Según me cuenta su hijo, también de nombre Julio, ese apodo familiar tuvo su origen en los ojos azules y piel blanca típicos de su parentela, pero, sobre todo, en el peculiar color de los ojos de una de las féminas de la familia, de nombre María, de quien en el pueblo decían que ese color era como el de las vainas de las llamadas gacias, un arbusto que es pariente, según parece, del tagasaste.

Don Julio tenía, si mal no recuerdo, una granja de gallinas, y un andar taciturno. Era, además de dado a la lectura, un autodidacta que había acumulado notables conocimientos acerca de agricultura, ganadería, granjas avícolas, etc., y su gesto para conmigo fue el entonces típico del hombre pasense mayor que se preocupaba por la educación de los jóvenes de su pueblo, se sabía con autoridad moral sobre ellos, y la ejercía en beneficio de éstos y de lo que él consideraba un deber para con el pueblo.

Un día, cuando yo tenía 16 años y estaba con unos amigos en el primer banco que para entonces se encontraba al borde de la carretera, en la primera curva más arriba de Monterrey donde en verano habíamos montado lo que llamábamos “El Senado” —una especie de tribunal en el que, mediante presentaciones orales, ventilábamos asuntos de ‘trascendencia y profundidad’ equiparables a la inmortalidad del cangrejo o el sexo de las nubes—, don Julio venía subiendo por la carretera en el momento en que yo, de espaldas a ella y de frente al banco, comencé mi exposición diciendo:

—Si tal cosa fuera cierta yo no hubiera hecho lo que dicen que hice.
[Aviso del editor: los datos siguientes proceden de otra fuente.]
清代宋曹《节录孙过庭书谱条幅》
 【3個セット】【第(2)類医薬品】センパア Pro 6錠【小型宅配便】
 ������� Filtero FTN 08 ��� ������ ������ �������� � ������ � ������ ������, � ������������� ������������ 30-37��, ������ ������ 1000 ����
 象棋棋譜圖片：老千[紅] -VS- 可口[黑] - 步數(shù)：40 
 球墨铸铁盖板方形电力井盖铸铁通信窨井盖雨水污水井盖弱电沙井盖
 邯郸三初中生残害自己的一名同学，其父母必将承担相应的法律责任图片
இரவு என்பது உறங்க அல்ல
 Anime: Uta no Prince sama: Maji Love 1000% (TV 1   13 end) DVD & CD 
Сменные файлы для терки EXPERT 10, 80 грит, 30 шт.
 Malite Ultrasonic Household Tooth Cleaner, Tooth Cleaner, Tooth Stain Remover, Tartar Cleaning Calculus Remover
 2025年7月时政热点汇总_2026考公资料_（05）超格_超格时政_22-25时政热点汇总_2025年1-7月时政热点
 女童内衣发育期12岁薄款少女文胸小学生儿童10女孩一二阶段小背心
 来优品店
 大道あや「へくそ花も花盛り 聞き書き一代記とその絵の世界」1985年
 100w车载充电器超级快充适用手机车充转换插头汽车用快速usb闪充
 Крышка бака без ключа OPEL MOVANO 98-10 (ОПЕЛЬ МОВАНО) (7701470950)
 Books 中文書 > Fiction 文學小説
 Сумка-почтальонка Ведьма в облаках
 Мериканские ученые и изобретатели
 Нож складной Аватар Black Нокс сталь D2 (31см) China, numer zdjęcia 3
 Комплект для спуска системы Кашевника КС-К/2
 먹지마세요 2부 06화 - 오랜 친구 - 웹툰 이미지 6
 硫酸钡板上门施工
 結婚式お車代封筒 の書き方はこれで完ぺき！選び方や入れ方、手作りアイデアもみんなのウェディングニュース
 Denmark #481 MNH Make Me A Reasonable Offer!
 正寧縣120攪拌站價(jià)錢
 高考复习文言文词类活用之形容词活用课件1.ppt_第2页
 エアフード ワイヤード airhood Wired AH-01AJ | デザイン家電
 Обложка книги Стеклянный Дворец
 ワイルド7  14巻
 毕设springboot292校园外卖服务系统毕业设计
Cuando terminé mi alegato y regresé al banco, don Julio, parado a un lado de la vía en el punto conocido como Boca de la Carretera, a unos 30 metros del banco, me llamó, y yo, por supuesto, me acerqué, un tanto preocupado porque caí en cuenta de que él había estado allí esperando a que yo terminara mi alegato. Cuando llegué a su lado, muy serio pero muy amable, me tomó por el brazo y me dijo:

—Carlos, te escuché decir “Si tal cosa fuera cierta yo no hubiera hecho…”, y eso es incorrecto porque, primero, estás usando dos veces el mismo tiempo subjuntivo del verbo: fuera y hubiera; y segundo, y más importante, no estás usando el tiempo condicional, que es el que debes usar cuando usas el ‘si’ condicional. Por tanto, debiste decir “Si tal cosa fuera cierta yo no habría hecho…”.

Durante los 51 años transcurridos desde ese día, cada vez que en forma oral o escrita he tenido que lidiar con esa construcción gramatical —y puedo asegurar que han sido muchas, pero muchas veces— he recordado aquel incidente, y mentalmente he dado gracias a don Julio por haberse tomado la molestia de enseñarme lo que ninguna otra persona me enseñó de forma tan clara y oportuna. Su noble gesto no cayó en terreno baldío.

Lo que dije en el artículo de introducción a esta serie, lo repito en el de cierre: La inmortalidad es la condición mediante la cual perduramos en el recuerdo de otras personas.